“Be not afraid,” says Cecilia Glembocki, “to show your faith!”
Faith, food, and family have always defined Cecilia Glembocki’s life. Raised in a Polish Catholic family. Glembocki said her mother instilled in her a passion for her Catholic faith, but also a love for food and cooking. And that is why, as a home economist, she eventually ended up as the Executive Director of the Virginia Egg Council and an affiliate member of the American Egg Board.
This egg fascination began when Glembocki moved to the Washington, D.C., metro area in early 1976 and looked into getting a job as a home economist. After staging a bridal luncheon for an interview session with the Virginia Egg Council, where scrambled eggs served in puff pastry were served with champagne, she was hired to represent the egg industry in the Greater Washington area. It also meant doing egg demonstrations, appearing on local television shows and the 700 Club with Pat Robertson. She even appeared on Oprah Winfrey’s show in the 1980s.
A major turning point in her egg-centric life came when in 1981 the Egg Council asked her to help oversee the very popular Easter egg roll on the White House lawn. “I thought it was so unusual because Easter is a major holiday,” she said. “Don’t people know that this is the holiest week of the year? I realized that my cultural roots and religious faith really shaped my whole world.”
After more than a dozen years of staging an event near the White House with Easter eggs decorated by numerous different cultures, Glembocki continued to volunteer at the annual event. “The first egg hunt was with Nancy Reagan,” she said. “I didn’t know how to do it, and my helpers were ladies who came wearing high heels.” Decades later, the event still rolls on, and Glembocki continues to take part.
Eggs aside, what has really defined her life is her zealous Catholicism, celebrating with family and friends the church’s holy celebrations of Christmas and Easter and devoutly attending Mass. And Glembocki’s life really changed when she attended her first meeting in 2001 of the Friends of the John Paul II Foundation (www.jp2friends.org) in Washington, called the “Wadowice on the Potomac.” She felt very much that this Polish pope was really part of her own Polish family.
“We are part of an organization started by Pope John Paul II by papal decree to promote his legacy and to support the education of students from Eastern European countries,” she said. The goal is to send them back to their countries to maintain the educational qualities of these students. She added, “When John Paul II was elected as pope, so many pilgrims slept on streets. So this foundation started a pilgrim’s home outside of the city called Dom Polski to offer a place to stay”
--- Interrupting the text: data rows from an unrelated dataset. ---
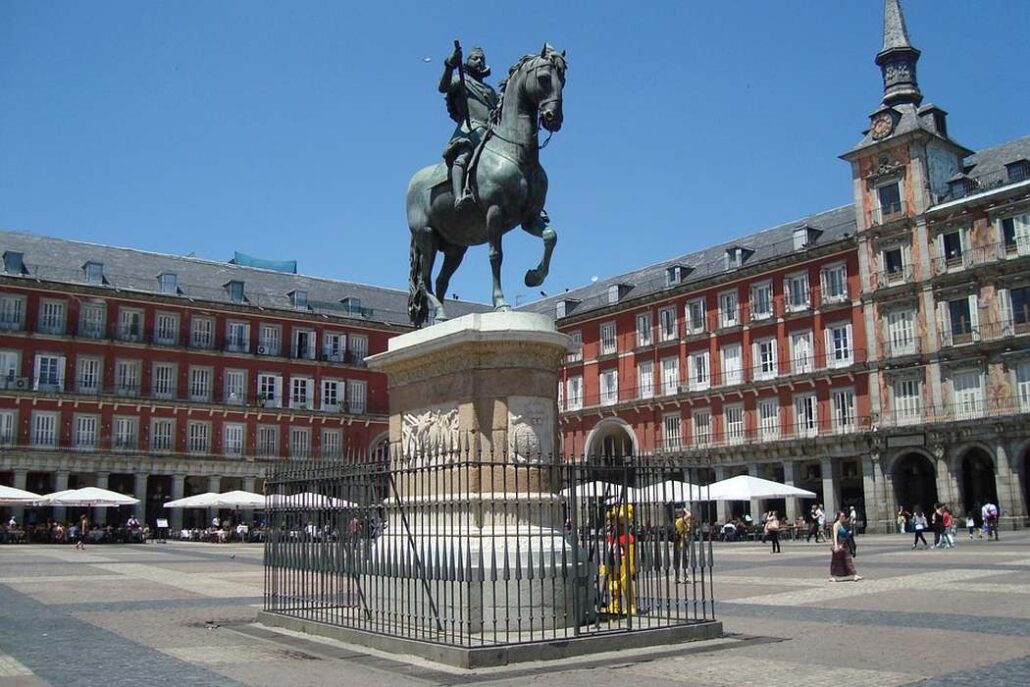 Estatua de Felipe III en la Plaza Mayor de Madrid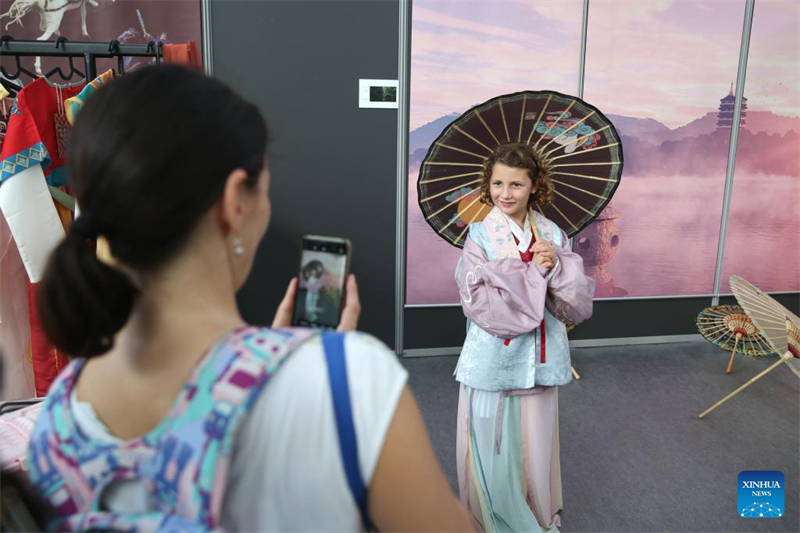 Une petite fille se fait photographier portant un hanfu lors de sa visite du pavillon chinois au BD Comic Strip Festival à Bruxelles. (Zhao Dingzhe / Xinhua)
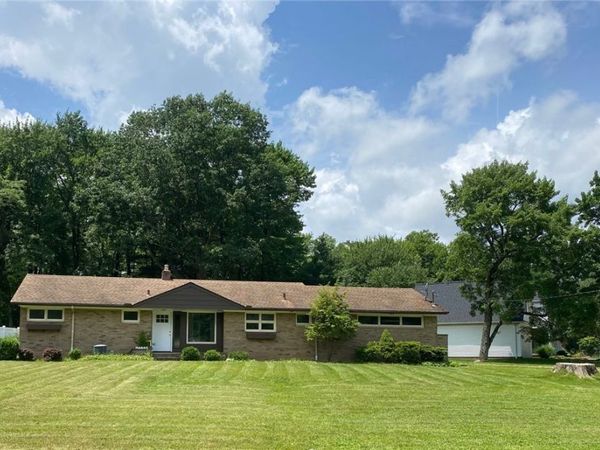 8260 Overlook Avenue, Broadview Heights, OH 44147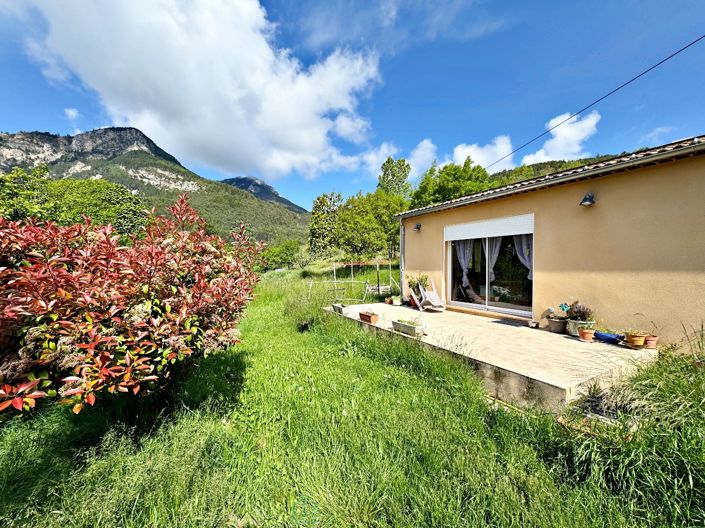 Image No.2-Propriété de 1 chambre à vendre à Castellane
Meeting with the then-leader, Glembocki offered to help for the group’s events, saying she would provide food for its luncheons, and eventually she started hosting teas and other events at the Pope John Paul II Center located near Washington’s Basilica. Both she and her husband, Raymond, became active members, and both served as the group’s president for several years. “I know people of our generation know Pope John Paul II,” she said. “But what about younger people? And I remember that John Paul II had such a glow about him. I thought people in the United States do not understand the food and faith tradition of life. So, with this group I could intertwine love and the celebration of food.”
For all her contributions to Catholicism, Glembocki has won numerous awards, including the Pro Ecclesia et Pontifice reword from the Vatican in 2016. “Be Not Afraid to Show Your Faith,” Glembocki counsels Catholics in many of her programs and booklets. “It is a rhythm of life: go to church, celebrate holidays and families,” she said. “You must learn to respect people and their way of life. All that starts from your heritage and faith.”